Building a slow-wave structure from metal disks was first proposed by J. C. Simon and G. Weill in: Un nouveau type d'aérien a rayonnement longitudinal (A new type of antenna for endfire radiation), Annales de Radioélectricité, vol. 8, No. 33, pp. 183-193, July 1953, Paris. The following two photos taken from the original article show the phase measurement along a slow-wave structure made from metal disks and the complete antenna for the frequency band 1.7GHz to 2GHz:
Such antennas are frequently called disk-Yagi antennas. This name is quite inappropriate since a thick metal carrier (boom) in the axis of the structure plays an important electromagnetic role, improving the directivity and bandwidth of the antenna. It therefore makes sense to use its original name "cigar antenna" as coined by its inventors.

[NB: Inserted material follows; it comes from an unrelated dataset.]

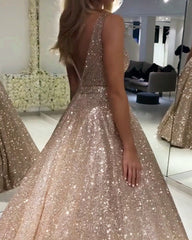 Sparkly Ball Gown Prom Dresses V-neck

There are several possible solutions to illuminate an artificial-dielectric lens made from metal disks on a conductive boom. The original design of a cigar antenna was fed by a waveguide horn. The simplest solution is to feed the cigar with an air-dielectric microstrip patch antenna, also called "gun antenna". A helix feed can also be used in a cigar antenna. Of course there are many other solutions to feed a cigar antenna besides those shown here:
Every antenna type has its optimum frequency range where its dimensions, size, weight and feed design are most practical for a given electrical performance. A slow-wave structure made from thin metal rods is most practical in the frequency range from 50MHz to 500MHz as originally used by Shintaro Uda. A cigar antenna is most practical at somewhat higher frequencies between 500MHz and 5GHz.

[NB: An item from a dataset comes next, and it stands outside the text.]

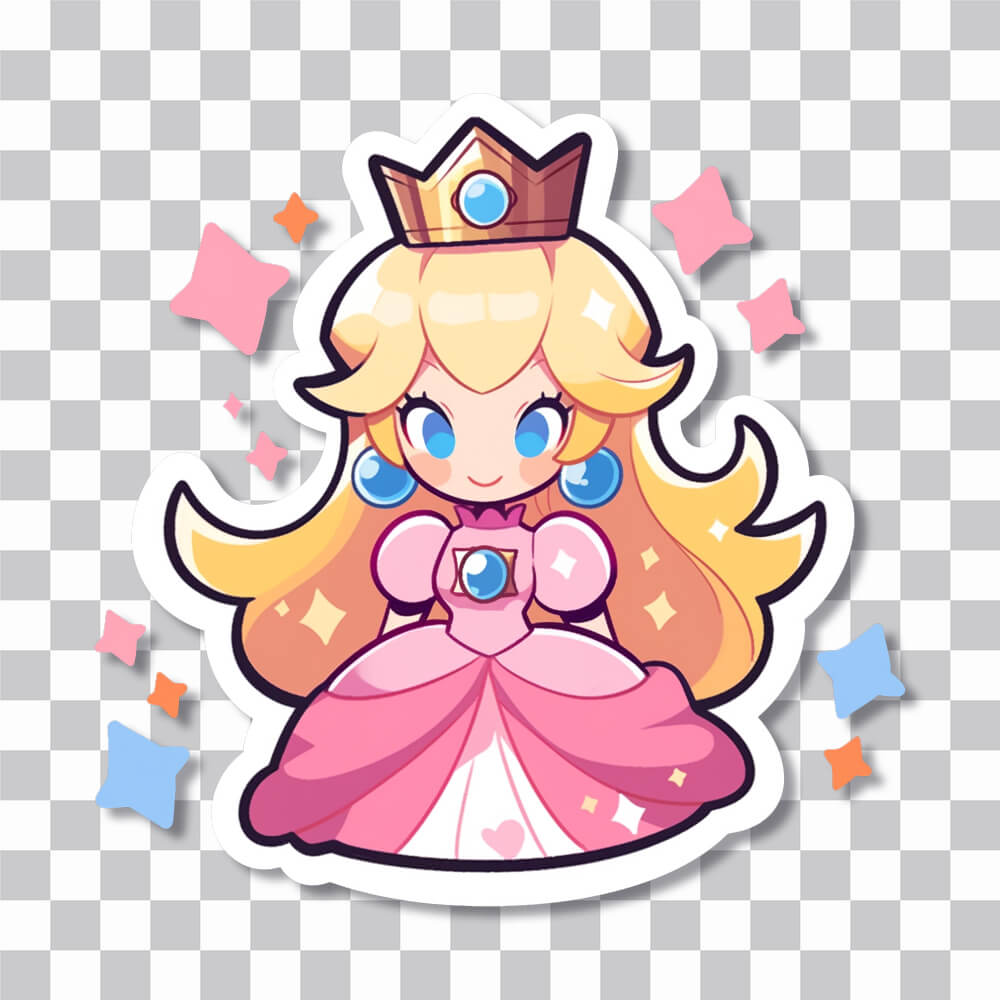 simple cute princess peach mario sticker cover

Besides its large bandwidth a cigar antenna also achieves low conductor losses due to the low current densities in the disks and thick boom. Low conductor losses allow high radiation efficiencies as well as low thermal noise added by the antenna. Low structure losses also allow very long slow-wave structures exceeding 10 wavelengths with directivities and/or gains exceeding 20dBi. As mentioned by its inventors, cigar antennas may replace "optical" antennas like parabolic mirrors in many practical applications.
All slow-wave-structure antennas require tapering of both element sizes and spacings for optimum performance. Cigar antennas can achieve non-optimum, but nevertheless quite high directivities/gains with much simpler uniform designs of identical disks at identical spacings. Typically an uniform cigar antenna still achieves a few dB more gain than a carefully tapered Yagi-Uda design of the same boom length.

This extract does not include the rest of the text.